#### [Exercise input]
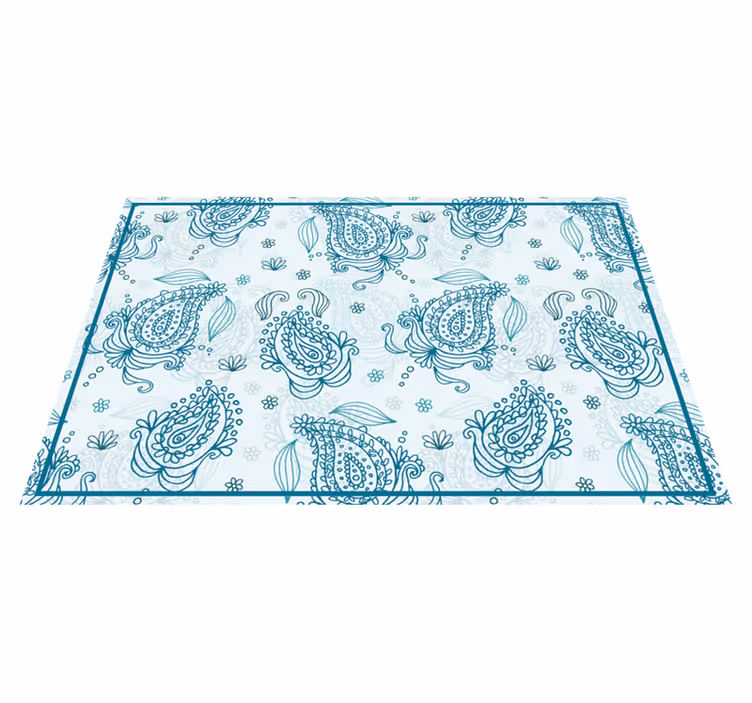 Naproane de textură cu model floral complex - TenStickers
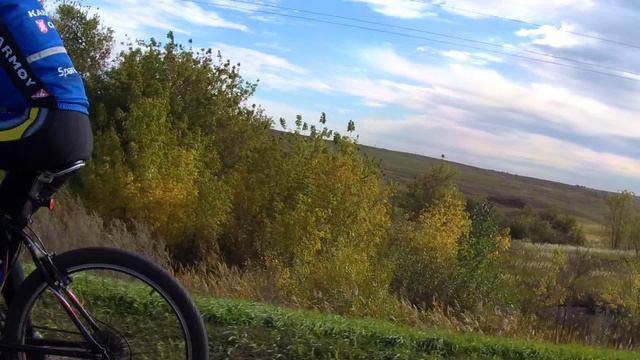 Со Светой в деревню Русская Селитьба 74 км,  4.10.2022г.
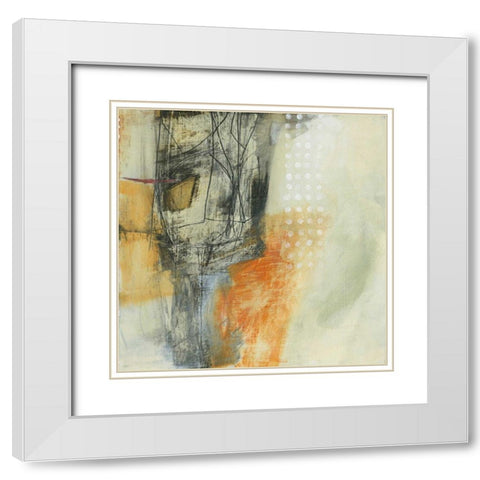 In the Clouds III White Modern Wood Framed Art Print with Double Matting by Davies, Jane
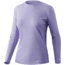 HUK Performance Fishing Icon X L/S Shirt - Womens, Lavender, M, H6120083-531-M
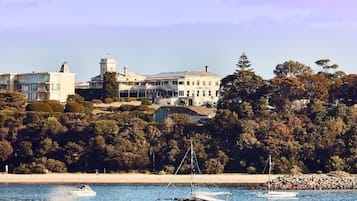 Beach nearby, white sand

#### [Problem]
Could every line above be set down exactly, with the pictures omitted?

#### [Written response]
 Naproane de textură cu model floral complex - TenStickers
 Со Светой в деревню Русская Селитьба 74 км,  4.10.2022г.
 In the Clouds III White Modern Wood Framed Art Print with Double Matting by Davies, Jane
 HUK Performance Fishing Icon X L/S Shirt - Womens, Lavender, M, H6120083-531-M
 Beach nearby, white sand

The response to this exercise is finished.